━━━━━ Information given ━━━━━
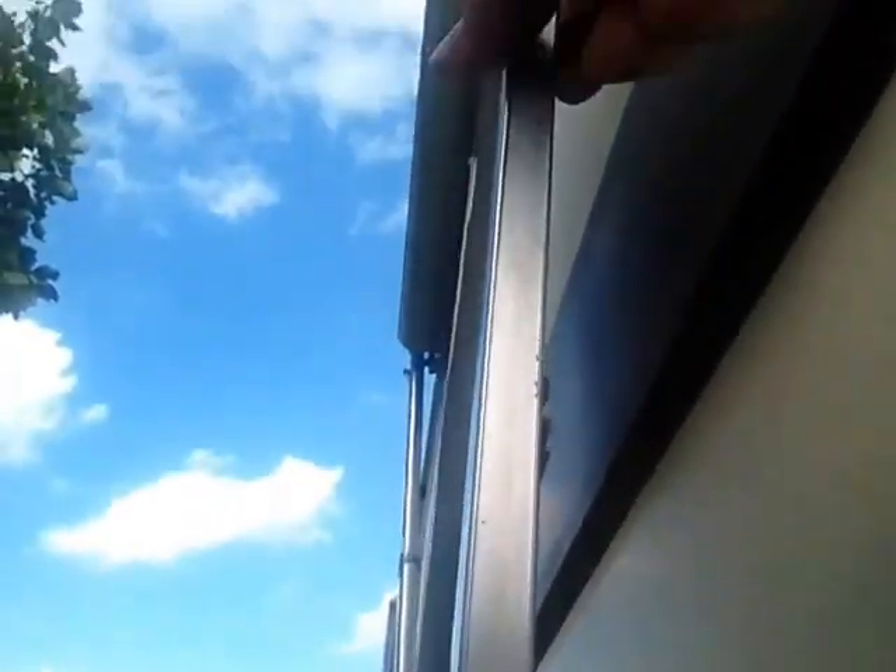We had to cut new slits for the screen to fit in, and do the screening rope. We also had to router all the edges all the way around because the new screen door was an inch thick — the old screen door was less than half an inch thick, about 7/16 of an inch. So we had to router everything down to make the new screen door fit, and it worked perfectly.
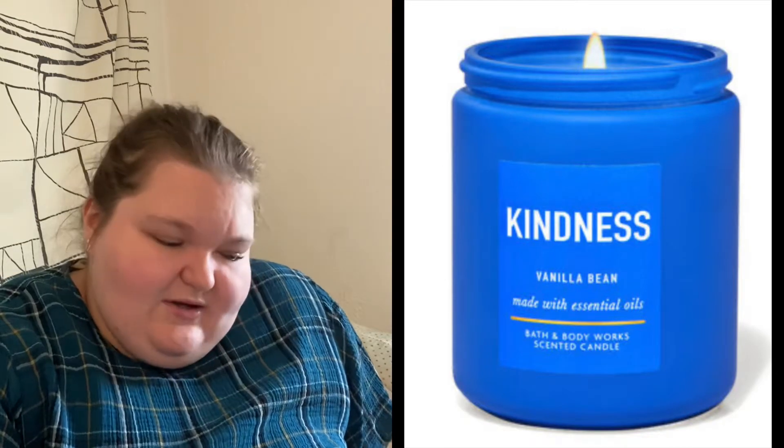Starting with Arthur — he is 'Kindness' slash 'Vanilla Bean.' The notes are Madagascar vanilla bean, homemade marshmallow, and fresh steamed milk. I feel like Arthur would smell like cozy baked goods, maybe with a little espresso or tea vibe, but really just a vanilla-y smell. I feel like he'd spend time tinkering on muggle things and then enjoy some vanilla ice cream or a vanilla cake that Molly whipped up with her wand. He is just a vanilla guy.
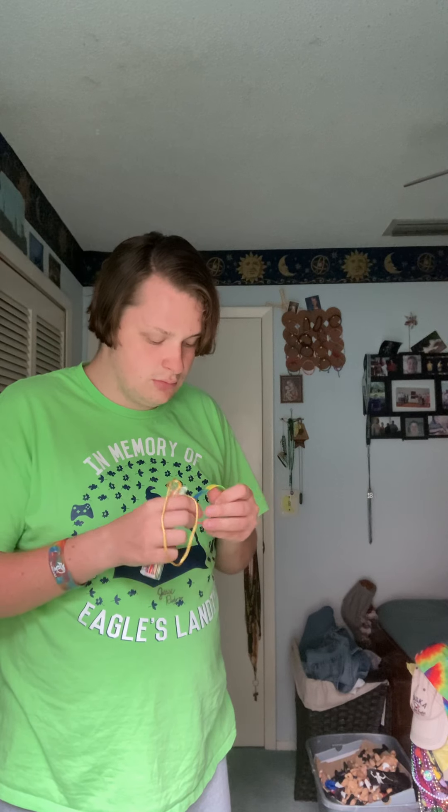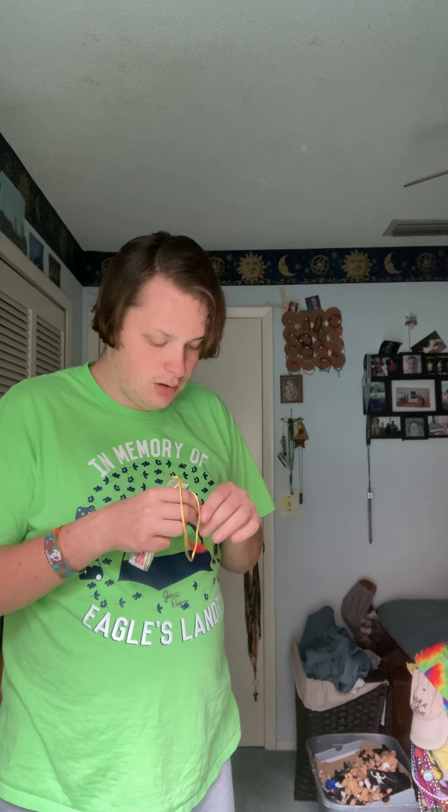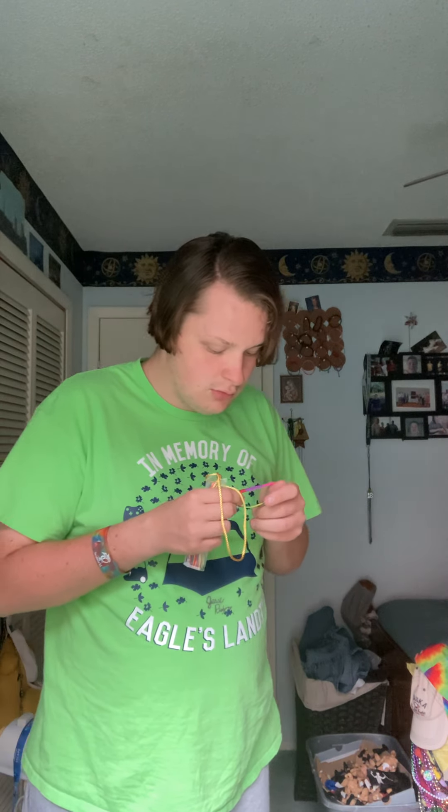I have to tell you something interesting. So, that's the receipt. I got this rainbow bracelet. I'm going to go ahead and wait on it, but I'll do a separate review of it.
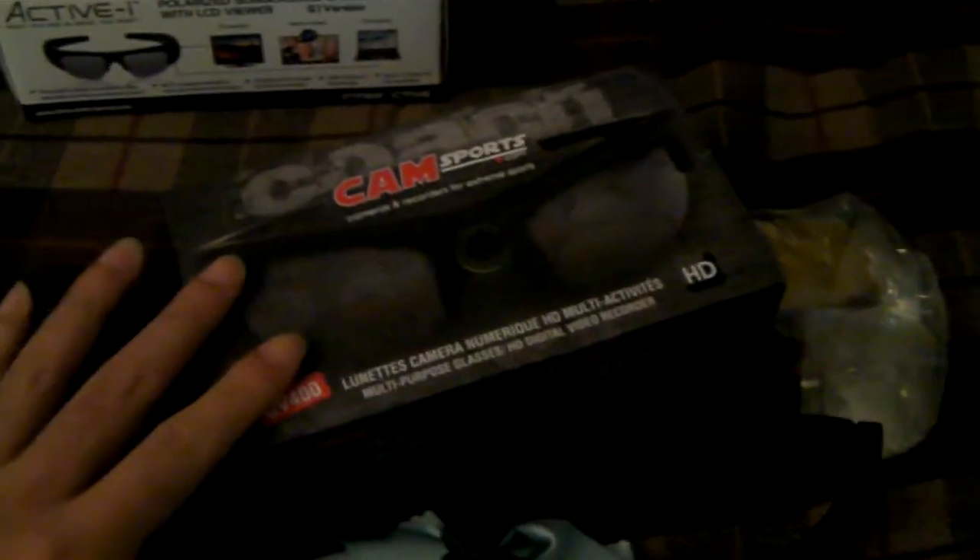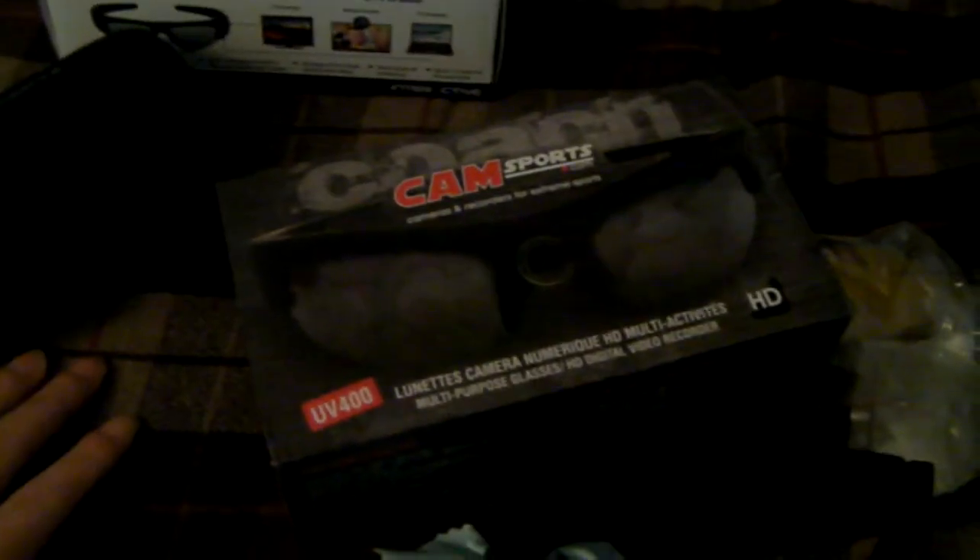I'll be making a video of the CamSupport Coach glasses real soon. Thank you guys — if you have any more questions, let me know.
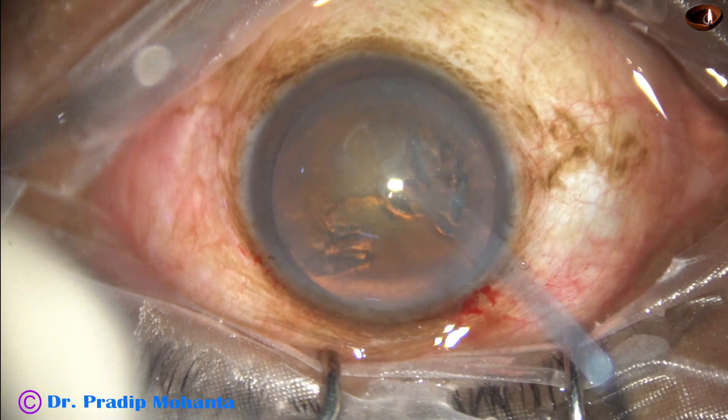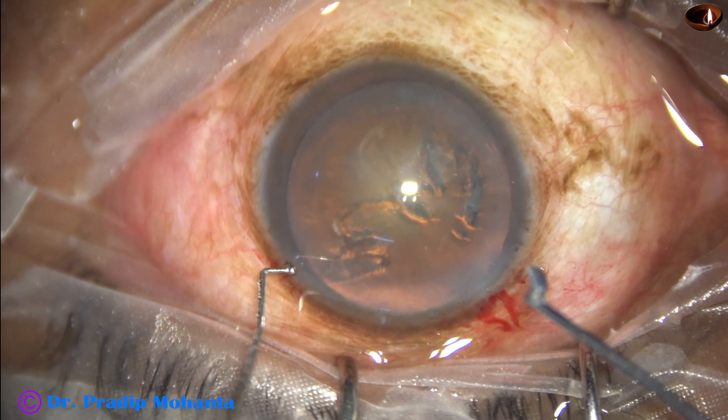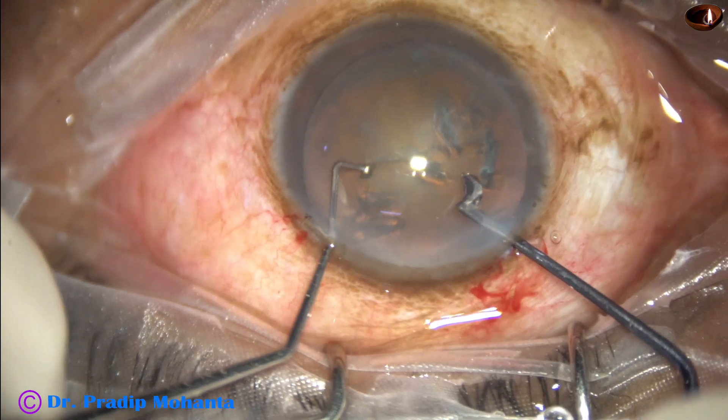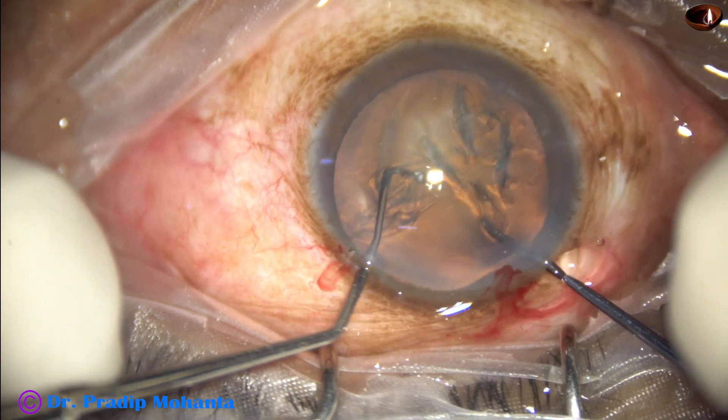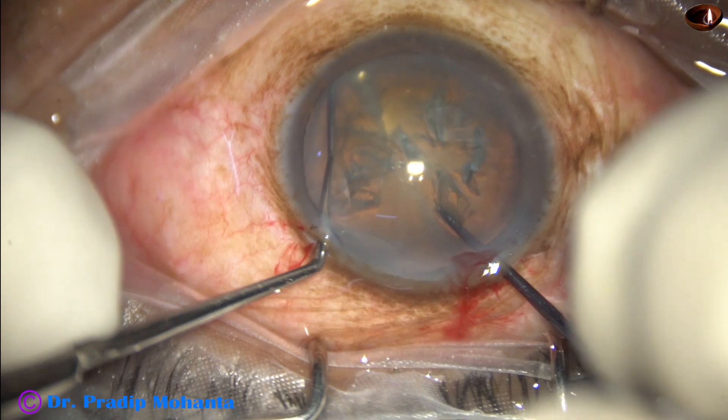Now let us see this in slow motion. After injecting visco, the sustainer goes in first, then the pre-chopper. The pre-chopper is placed just in front of the main incision, just beyond the rhexis.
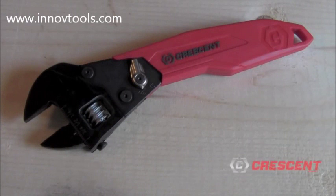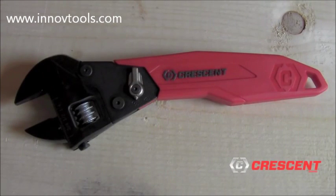The Crescent Ratcheting Adjustable Wrench was recently recognized at the 2012 National Hardware Show for its innovation — the Crescent Ratcheting Adjustable Wrench, combining versatility with speed.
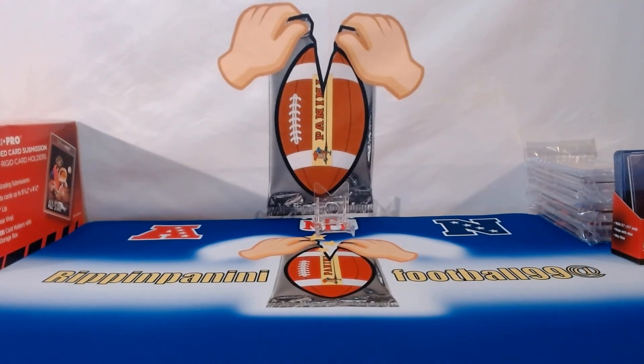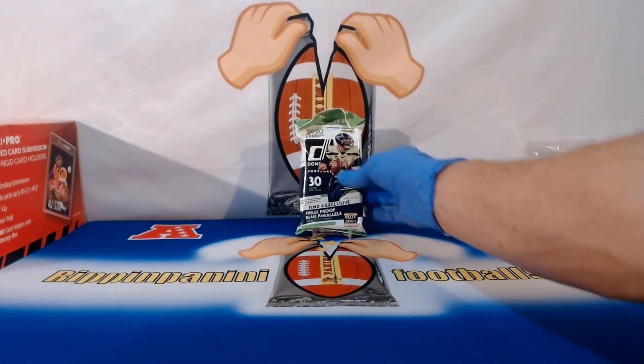It's John B. Rippin here at Rippin Panini Football 99. Hope everyone had a great day today — I know I did. Just wanted to put this little video out there showing how I package things and send them out to my customers. If you're buying on eBay, you'd definitely want to check a video like this out to see how I'm treating your stuff. I'm super protective.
━━━━━
* What this task involves
Would it be possible to print the records above verbatim, pictures omitted?

* Your response
We had to cut new slits for the screen to fit in, and do the screening rope. We also had to router all the edges all the way around because the new screen door was an inch thick — the old screen door was less than half an inch thick, about 7/16 of an inch. So we had to router everything down to make the new screen door fit, and it worked perfectly.
Starting with Arthur — he is 'Kindness' slash 'Vanilla Bean.' The notes are Madagascar vanilla bean, homemade marshmallow, and fresh steamed milk. I feel like Arthur would smell like cozy baked goods, maybe with a little espresso or tea vibe, but really just a vanilla-y smell. I feel like he'd spend time tinkering on muggle things and then enjoy some vanilla ice cream or a vanilla cake that Molly whipped up with her wand. He is just a vanilla guy.
I have to tell you something interesting. So, that's the receipt. I got this rainbow bracelet. I'm going to go ahead and wait on it, but I'll do a separate review of it.
I'll be making a video of the CamSupport Coach glasses real soon. Thank you guys — if you have any more questions, let me know.
Now let us see this in slow motion. After injecting visco, the sustainer goes in first, then the pre-chopper. The pre-chopper is placed just in front of the main incision, just beyond the rhexis.
The Crescent Ratcheting Adjustable Wrench was recently recognized at the 2012 National Hardware Show for its innovation — the Crescent Ratcheting Adjustable Wrench, combining versatility with speed.
It's John B. Rippin here at Rippin Panini Football 99. Hope everyone had a great day today — I know I did. Just wanted to put this little video out there showing how I package things and send them out to my customers. If you're buying on eBay, you'd definitely want to check a video like this out to see how I'm treating your stuff. I'm super protective.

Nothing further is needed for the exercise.